◆ Available data
□ □ □ □ □

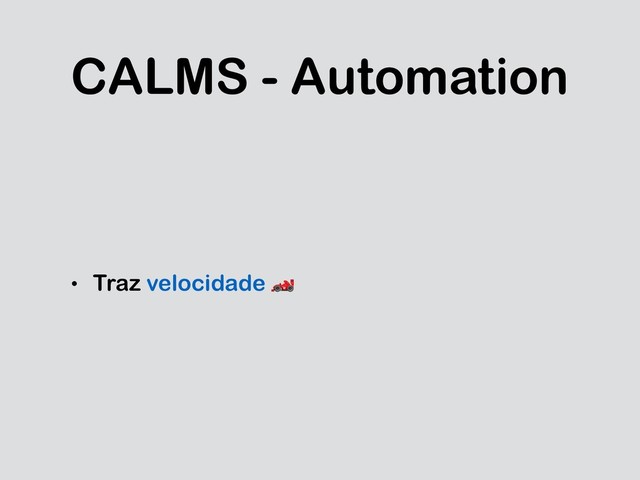 CALMS - Automation
• Traz velocidade 
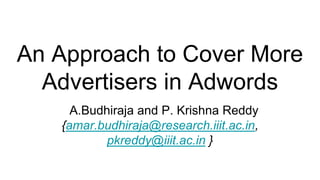 An Approach to Cover More
Advertisers in Adwords
A.Budhiraja and P. Krishna Reddy
{amar.budhiraja@research.iiit.ac.in,
pkreddy@iiit.ac.in }
 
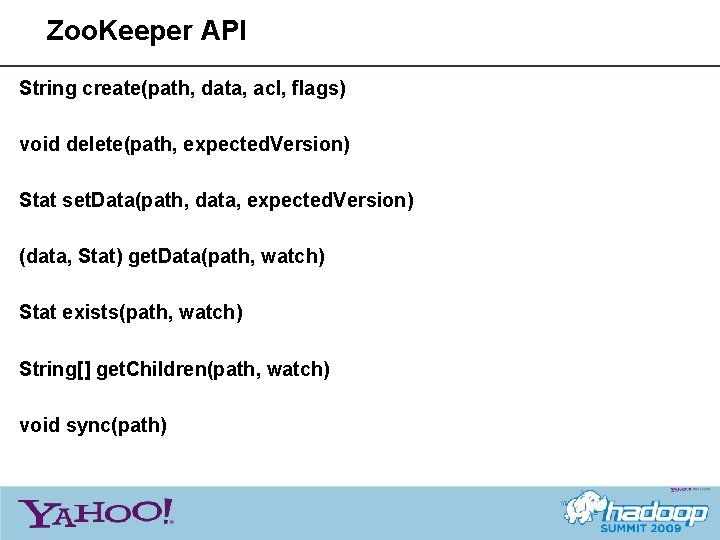 Zoo. Keeper API String create(path, data, acl, flags) void delete(path, expected. Version) Stat set.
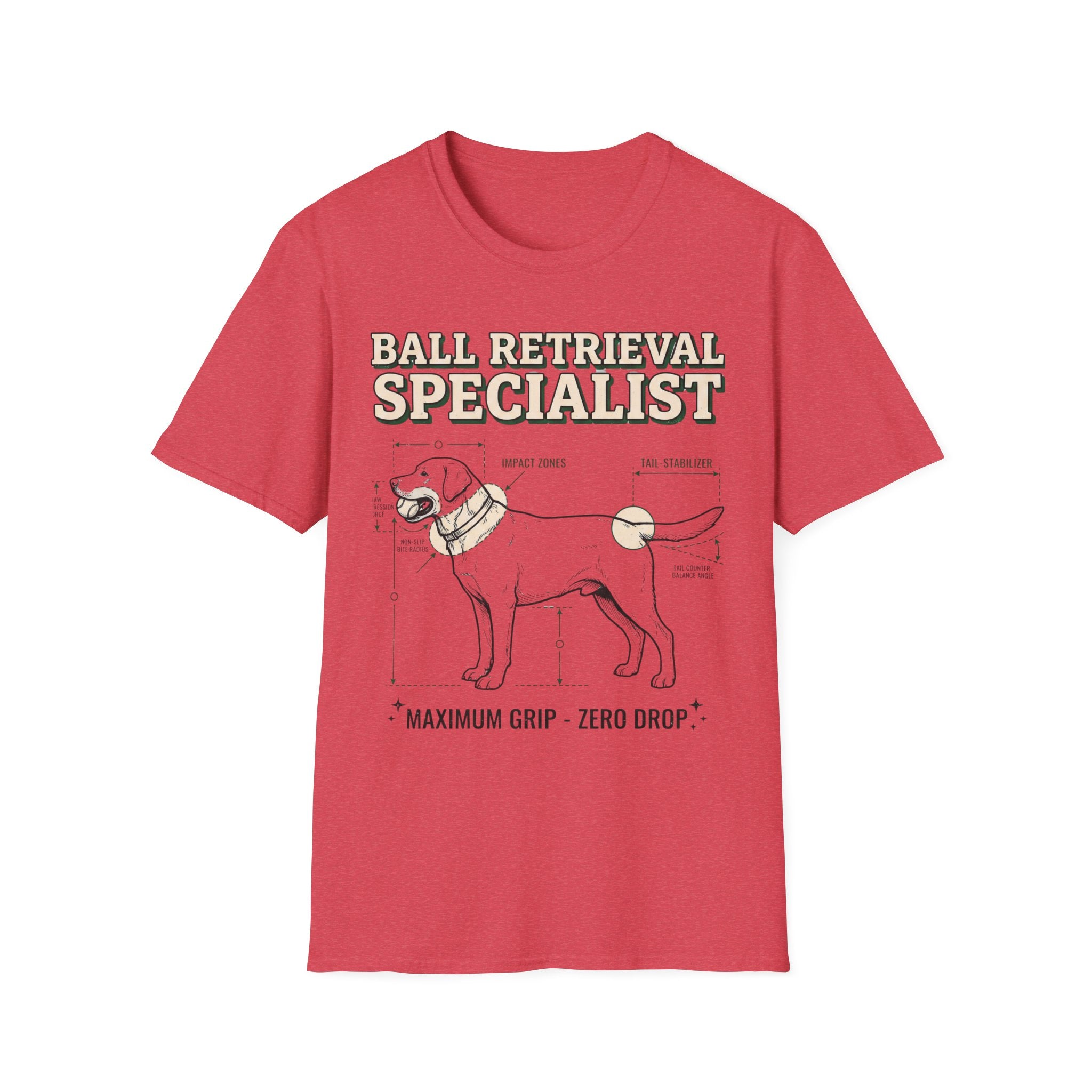 Ball Retrieval Specialist T-Shirt — Funny Dog Lover Tee (Maximum Grip, Zero Drop)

□ □ □ □ □

◆ What this task involves
Lines of the material that contain the word "iiit" are to be gathered.

◆ Solution for this exercise
{amar.budhiraja@research.iiit.ac.in,
pkreddy@iiit.ac.in }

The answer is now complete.